**Input**:
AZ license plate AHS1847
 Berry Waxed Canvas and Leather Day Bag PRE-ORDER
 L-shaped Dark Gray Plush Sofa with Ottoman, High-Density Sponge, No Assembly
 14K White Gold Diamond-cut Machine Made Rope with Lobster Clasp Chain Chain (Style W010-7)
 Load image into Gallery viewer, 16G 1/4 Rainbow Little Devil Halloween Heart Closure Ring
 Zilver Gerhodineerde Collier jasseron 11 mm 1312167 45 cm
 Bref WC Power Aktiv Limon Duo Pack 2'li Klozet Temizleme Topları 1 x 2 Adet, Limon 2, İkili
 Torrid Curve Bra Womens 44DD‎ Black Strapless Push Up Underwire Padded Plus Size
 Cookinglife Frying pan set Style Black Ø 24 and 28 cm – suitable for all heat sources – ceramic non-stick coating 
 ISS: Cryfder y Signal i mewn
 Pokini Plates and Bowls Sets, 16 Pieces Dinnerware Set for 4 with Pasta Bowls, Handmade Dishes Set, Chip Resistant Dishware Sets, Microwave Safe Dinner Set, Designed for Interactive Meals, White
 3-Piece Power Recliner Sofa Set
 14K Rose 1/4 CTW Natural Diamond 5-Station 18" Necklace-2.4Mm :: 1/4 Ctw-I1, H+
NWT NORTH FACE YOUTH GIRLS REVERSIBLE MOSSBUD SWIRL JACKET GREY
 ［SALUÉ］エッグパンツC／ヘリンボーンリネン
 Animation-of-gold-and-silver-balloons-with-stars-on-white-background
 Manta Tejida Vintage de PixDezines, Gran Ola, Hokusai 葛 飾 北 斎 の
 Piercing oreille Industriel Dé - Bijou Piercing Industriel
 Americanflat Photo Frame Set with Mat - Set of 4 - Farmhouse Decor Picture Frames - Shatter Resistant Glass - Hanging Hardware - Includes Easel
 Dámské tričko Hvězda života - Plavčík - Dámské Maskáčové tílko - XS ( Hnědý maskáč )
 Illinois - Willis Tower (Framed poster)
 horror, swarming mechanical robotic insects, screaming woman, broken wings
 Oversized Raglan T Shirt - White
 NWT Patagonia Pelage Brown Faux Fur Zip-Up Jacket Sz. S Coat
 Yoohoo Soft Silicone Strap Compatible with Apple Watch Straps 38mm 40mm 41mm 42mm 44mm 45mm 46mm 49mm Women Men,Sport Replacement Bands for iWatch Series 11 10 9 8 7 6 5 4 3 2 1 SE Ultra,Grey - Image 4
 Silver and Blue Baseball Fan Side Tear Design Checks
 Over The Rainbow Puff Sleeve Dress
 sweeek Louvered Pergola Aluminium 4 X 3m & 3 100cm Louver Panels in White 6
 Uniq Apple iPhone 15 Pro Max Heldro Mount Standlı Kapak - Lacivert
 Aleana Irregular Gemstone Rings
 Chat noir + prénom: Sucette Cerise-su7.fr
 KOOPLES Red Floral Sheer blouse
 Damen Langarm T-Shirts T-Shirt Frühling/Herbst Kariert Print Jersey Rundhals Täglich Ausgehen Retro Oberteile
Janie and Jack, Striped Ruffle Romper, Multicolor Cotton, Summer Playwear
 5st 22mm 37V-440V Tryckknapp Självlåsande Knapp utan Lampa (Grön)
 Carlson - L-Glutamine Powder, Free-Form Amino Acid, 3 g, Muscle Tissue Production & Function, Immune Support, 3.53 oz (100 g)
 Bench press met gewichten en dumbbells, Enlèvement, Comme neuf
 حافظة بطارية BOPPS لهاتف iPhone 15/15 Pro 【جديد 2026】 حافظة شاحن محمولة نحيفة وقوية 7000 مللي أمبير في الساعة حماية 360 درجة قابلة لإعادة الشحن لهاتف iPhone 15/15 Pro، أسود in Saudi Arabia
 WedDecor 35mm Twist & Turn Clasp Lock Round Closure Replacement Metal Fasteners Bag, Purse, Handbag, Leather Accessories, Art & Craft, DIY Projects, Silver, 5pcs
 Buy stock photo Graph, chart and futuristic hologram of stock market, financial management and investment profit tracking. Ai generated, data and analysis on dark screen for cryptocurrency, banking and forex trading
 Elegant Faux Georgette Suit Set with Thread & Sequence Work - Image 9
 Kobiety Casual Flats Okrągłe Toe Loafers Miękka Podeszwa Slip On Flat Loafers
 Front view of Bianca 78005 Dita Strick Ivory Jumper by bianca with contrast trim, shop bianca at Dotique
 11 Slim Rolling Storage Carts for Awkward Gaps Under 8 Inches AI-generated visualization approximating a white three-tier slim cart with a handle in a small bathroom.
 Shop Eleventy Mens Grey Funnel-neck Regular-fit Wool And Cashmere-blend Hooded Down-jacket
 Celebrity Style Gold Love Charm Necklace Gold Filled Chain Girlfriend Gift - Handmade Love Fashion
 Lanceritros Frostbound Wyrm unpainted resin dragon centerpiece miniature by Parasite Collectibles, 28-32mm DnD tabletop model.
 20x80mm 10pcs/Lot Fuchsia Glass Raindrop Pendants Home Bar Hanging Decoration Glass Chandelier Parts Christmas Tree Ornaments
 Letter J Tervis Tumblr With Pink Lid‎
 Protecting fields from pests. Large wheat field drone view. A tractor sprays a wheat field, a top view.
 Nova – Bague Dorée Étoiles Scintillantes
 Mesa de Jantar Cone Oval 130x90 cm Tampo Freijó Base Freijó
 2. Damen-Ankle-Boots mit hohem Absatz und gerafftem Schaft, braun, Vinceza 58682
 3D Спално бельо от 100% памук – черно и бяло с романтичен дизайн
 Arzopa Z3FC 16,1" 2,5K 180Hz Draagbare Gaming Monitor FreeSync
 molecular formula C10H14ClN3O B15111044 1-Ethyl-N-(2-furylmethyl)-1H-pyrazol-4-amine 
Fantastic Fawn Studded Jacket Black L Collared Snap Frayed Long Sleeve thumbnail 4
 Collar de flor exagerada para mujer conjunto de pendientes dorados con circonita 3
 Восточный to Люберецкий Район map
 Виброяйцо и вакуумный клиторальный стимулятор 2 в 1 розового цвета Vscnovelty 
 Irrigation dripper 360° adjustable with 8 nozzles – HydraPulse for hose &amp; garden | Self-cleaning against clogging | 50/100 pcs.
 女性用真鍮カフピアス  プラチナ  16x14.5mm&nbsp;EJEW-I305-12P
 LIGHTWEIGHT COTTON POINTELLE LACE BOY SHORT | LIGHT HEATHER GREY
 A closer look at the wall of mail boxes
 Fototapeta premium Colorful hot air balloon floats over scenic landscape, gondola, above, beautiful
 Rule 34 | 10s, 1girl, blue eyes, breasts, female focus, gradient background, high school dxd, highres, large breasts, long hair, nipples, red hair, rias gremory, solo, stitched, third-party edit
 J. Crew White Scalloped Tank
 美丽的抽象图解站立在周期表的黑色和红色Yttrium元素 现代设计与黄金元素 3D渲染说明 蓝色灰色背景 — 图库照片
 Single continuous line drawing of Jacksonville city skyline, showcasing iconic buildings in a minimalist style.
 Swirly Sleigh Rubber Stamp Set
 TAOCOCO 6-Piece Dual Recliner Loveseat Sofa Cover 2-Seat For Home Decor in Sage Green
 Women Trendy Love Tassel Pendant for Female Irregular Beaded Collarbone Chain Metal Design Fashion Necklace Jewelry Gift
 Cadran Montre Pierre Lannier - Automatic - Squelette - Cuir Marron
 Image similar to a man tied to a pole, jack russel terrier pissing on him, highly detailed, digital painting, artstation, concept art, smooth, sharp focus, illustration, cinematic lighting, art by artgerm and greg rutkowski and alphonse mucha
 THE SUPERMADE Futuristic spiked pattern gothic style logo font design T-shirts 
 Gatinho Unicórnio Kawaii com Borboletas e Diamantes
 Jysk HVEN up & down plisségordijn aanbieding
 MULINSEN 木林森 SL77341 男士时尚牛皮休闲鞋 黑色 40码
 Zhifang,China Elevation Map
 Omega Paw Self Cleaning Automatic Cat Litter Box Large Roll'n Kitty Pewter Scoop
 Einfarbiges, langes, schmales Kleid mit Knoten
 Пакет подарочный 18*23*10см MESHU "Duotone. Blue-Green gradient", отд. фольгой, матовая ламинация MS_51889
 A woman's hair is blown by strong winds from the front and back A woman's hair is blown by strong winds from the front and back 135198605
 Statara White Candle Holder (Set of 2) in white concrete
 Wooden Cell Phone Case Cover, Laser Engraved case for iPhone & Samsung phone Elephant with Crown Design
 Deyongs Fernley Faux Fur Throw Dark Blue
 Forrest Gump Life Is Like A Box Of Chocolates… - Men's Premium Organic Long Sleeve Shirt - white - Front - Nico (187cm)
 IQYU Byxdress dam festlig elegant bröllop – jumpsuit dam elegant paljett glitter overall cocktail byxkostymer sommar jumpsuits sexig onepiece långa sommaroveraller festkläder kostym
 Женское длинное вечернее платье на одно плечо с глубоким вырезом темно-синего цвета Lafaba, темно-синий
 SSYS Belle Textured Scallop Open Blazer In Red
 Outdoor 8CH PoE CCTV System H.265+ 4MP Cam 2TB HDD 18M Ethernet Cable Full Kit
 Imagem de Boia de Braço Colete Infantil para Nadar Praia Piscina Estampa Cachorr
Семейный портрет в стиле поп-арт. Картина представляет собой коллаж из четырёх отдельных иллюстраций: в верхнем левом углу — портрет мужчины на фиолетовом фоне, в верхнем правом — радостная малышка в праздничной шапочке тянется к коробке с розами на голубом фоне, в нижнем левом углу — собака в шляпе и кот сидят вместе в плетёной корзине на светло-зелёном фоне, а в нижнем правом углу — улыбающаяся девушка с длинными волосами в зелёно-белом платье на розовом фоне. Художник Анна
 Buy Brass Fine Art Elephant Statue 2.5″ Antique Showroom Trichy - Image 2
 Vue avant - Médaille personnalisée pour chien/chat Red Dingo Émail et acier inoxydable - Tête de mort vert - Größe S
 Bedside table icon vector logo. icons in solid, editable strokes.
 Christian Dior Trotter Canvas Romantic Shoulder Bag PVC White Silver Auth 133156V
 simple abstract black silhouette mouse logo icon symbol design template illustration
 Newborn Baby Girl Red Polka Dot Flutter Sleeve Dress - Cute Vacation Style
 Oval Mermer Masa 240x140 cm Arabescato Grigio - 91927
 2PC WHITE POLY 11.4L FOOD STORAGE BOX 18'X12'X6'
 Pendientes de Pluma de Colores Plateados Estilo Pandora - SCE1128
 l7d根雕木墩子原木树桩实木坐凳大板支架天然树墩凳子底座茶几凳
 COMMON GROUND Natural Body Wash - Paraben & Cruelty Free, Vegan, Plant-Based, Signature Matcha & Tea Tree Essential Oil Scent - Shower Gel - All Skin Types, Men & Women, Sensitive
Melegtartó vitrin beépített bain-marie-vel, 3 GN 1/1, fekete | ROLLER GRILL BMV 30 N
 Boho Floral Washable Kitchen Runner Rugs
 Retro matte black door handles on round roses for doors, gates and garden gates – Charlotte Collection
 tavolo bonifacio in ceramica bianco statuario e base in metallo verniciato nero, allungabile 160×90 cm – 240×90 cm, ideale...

**Work order**:
In how many lines of the records does the word "Diamond" occur? Reply with the number only.

**Solution to this task**:
2